The gallery is large and open and allows for many New Canaan Society for the Arts members to showcase their talent – and to perhaps sell a piece or two. I often find myself right on the brink of buying a piece of art at these types of galleries, but I’ve only very rarely pulled the trigger. And I can’t really do it with Calvin in tow, because if I don’t buy something with a naked bum, he’ll throw a fit. And as we’ve established, Calvin doesn’t throw fits in art galleries.
My favorite piece, from a creative standpoint, was a “fire painting” by Lubomir Tomaszewski, seen here:
“Smoke paintings,” which the artist “paints” with smoke on paper, technically are similar, but are different in expression in relation to burnt paintings. This technique allows for creations of fascinating, airy, non-material visions, romantic ladies wandering under the light of the moon, illusions of dancers on stage, musical effects… Even though seemingly delicate, works created by this technique, accurately preserved by the artist, turn out incredibly lasting.
Tomaszewski’s fire and smoke “painings” are pretty awesome. http://www.lubomirtomaszewski.com/ But really, as one with zero artistic or photographic talent, all the local artists on display during the exhibit were pretty awesome.
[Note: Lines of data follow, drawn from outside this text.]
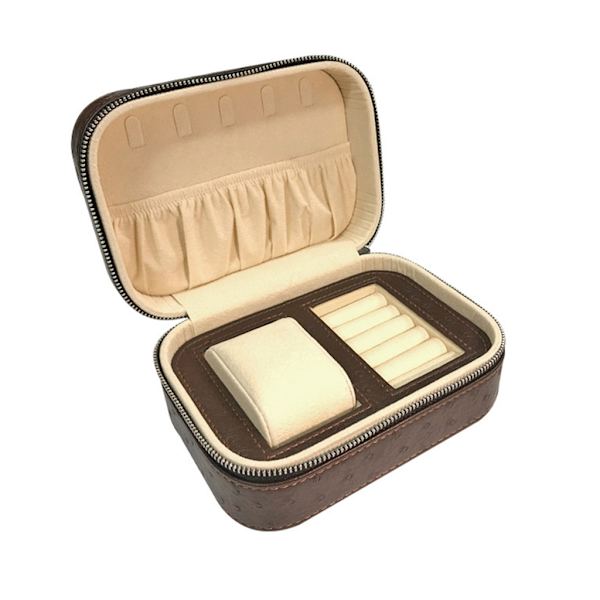 Klockbox i Mikrofiberläder Portabel Klockförvaringsbox Europeisk Klockbox Mekanisk Klockförvaringsbox Klockbox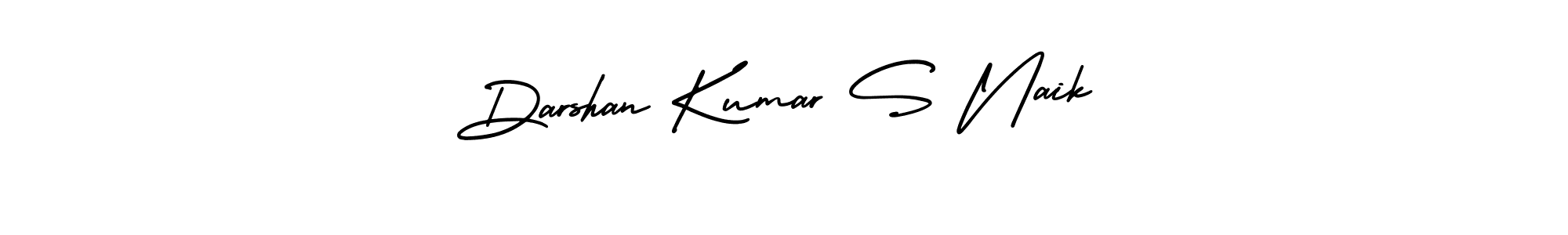 Also You can easily find your signature by using the search form. We will create Darshan Kumar S Naik name handwritten signature images for you free of cost using AmerikaSignatureDemo-Regular sign style. Darshan Kumar S Naik signature style 3 images and pictures png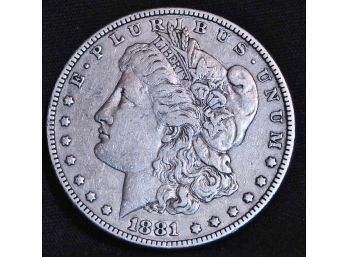 1881 Morgan Silver Dollar (2sst7)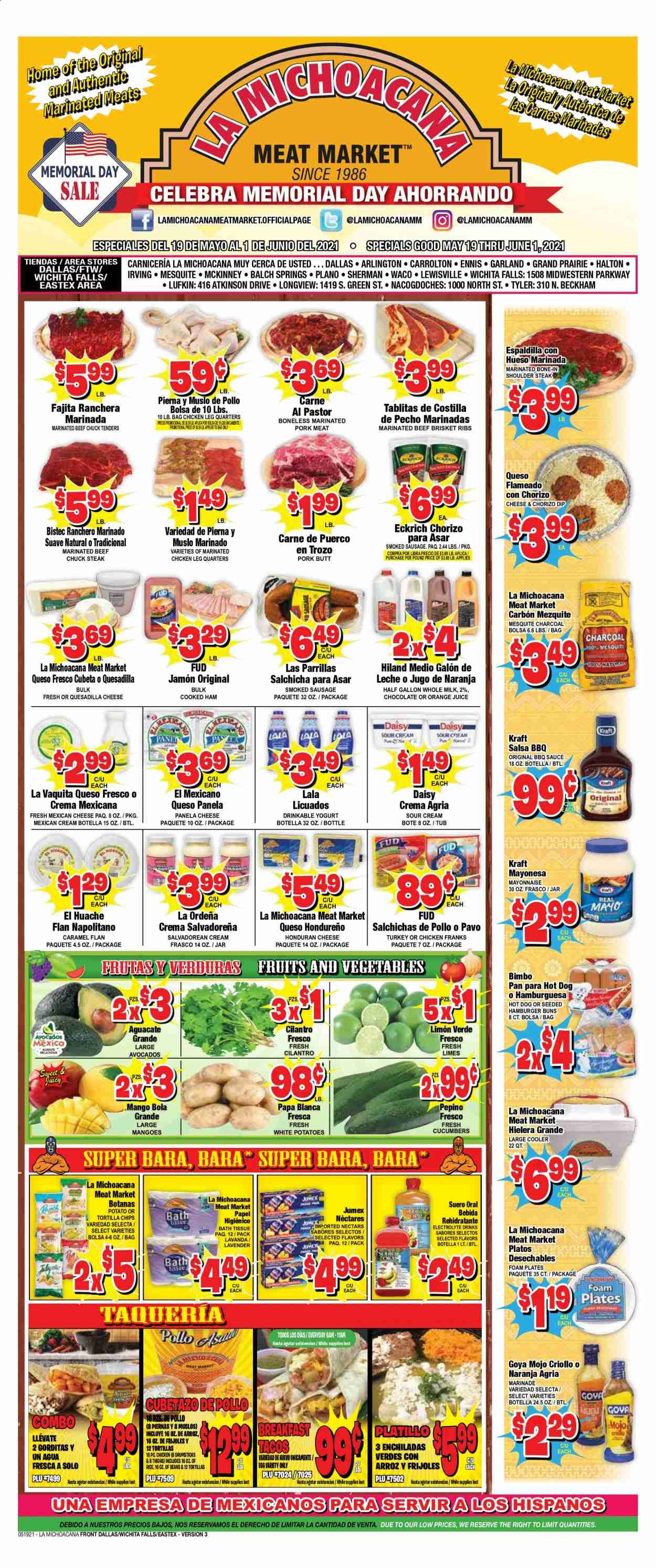 La Michoacana Meat Market (TX) Weekly Ad Flyer May 19 to June 1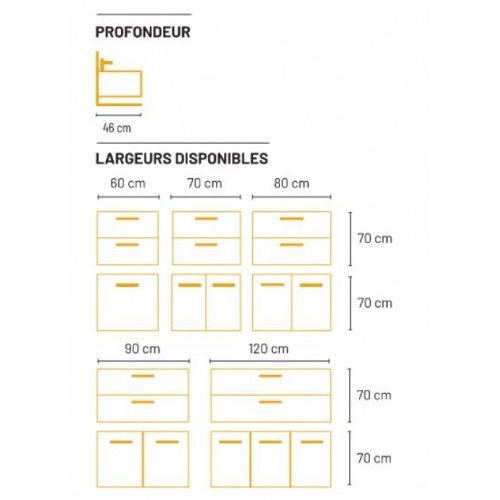Meuble CHANGO sur pieds 2 portes Béton taloché 80cm Gamme CHANGO Meuble CHANGO sur pieds 2 portes Béton taloché 80cm Gamme CHANGO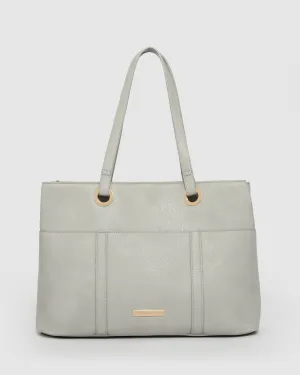Grey Shanice Large Tote Bag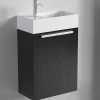 Lave-Mains|Lomazoo Meuble lave-mains chêne noir Bombay - 40cm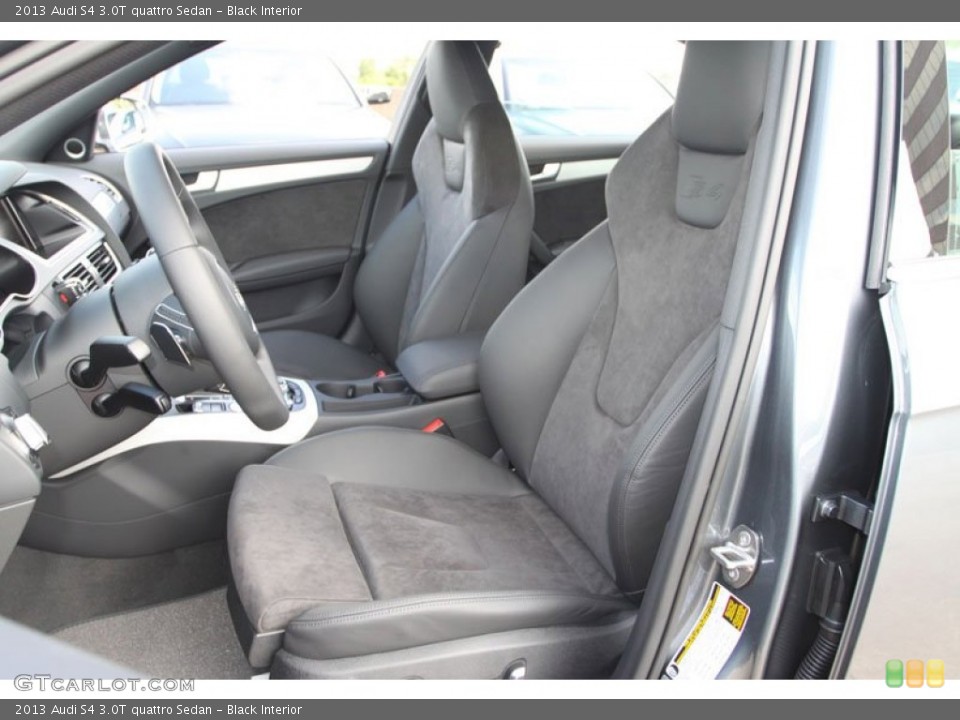 Black Interior Front Seat for the 2013 Audi S4 3.0T quattro Sedan #70495199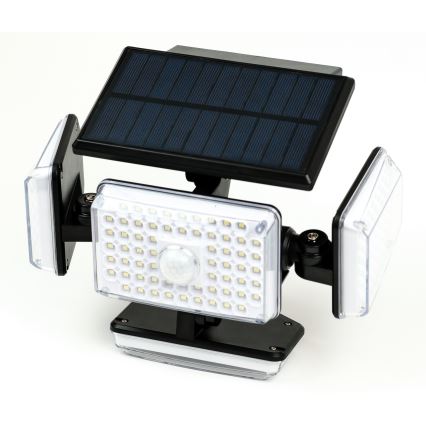 LED Solarna stenska svetilka s senzorjem LED/5W/5,5V IP65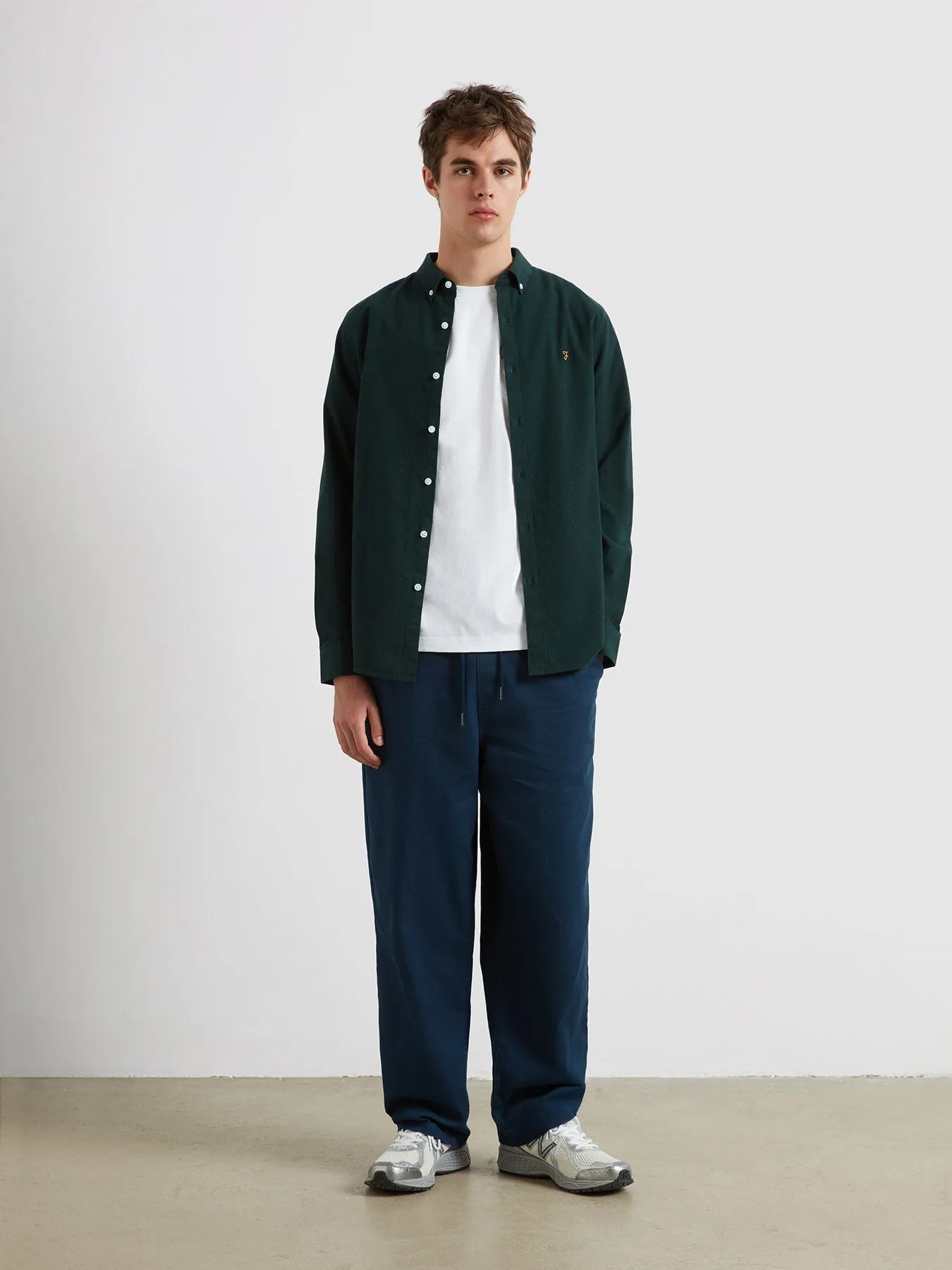 Steen Casual Fit Shirt In Woodland Pine Marl sold by Farah product image thumbnail 2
The gallery runs a member’s show every year, so maybe I’ll pop back down there in the future to buy one of Tomaszewski’s works.
As we wrapped up, I took the boys to the bathroom. I’m always keen to check out bathrooms at certain places we go; mostly breweries and art galleries. Here, as trying to, um, do one what does in such specialized rooms was a bit, um, uncomfortable with the judgey woman looking down at me. But shout out to whomever realized this would be a conversation piece in the bathroom at the Carriage Barn Arts Center in Waveny Park in New Canaan, CT.
For the record, none of us Wood boys were affected by her glare.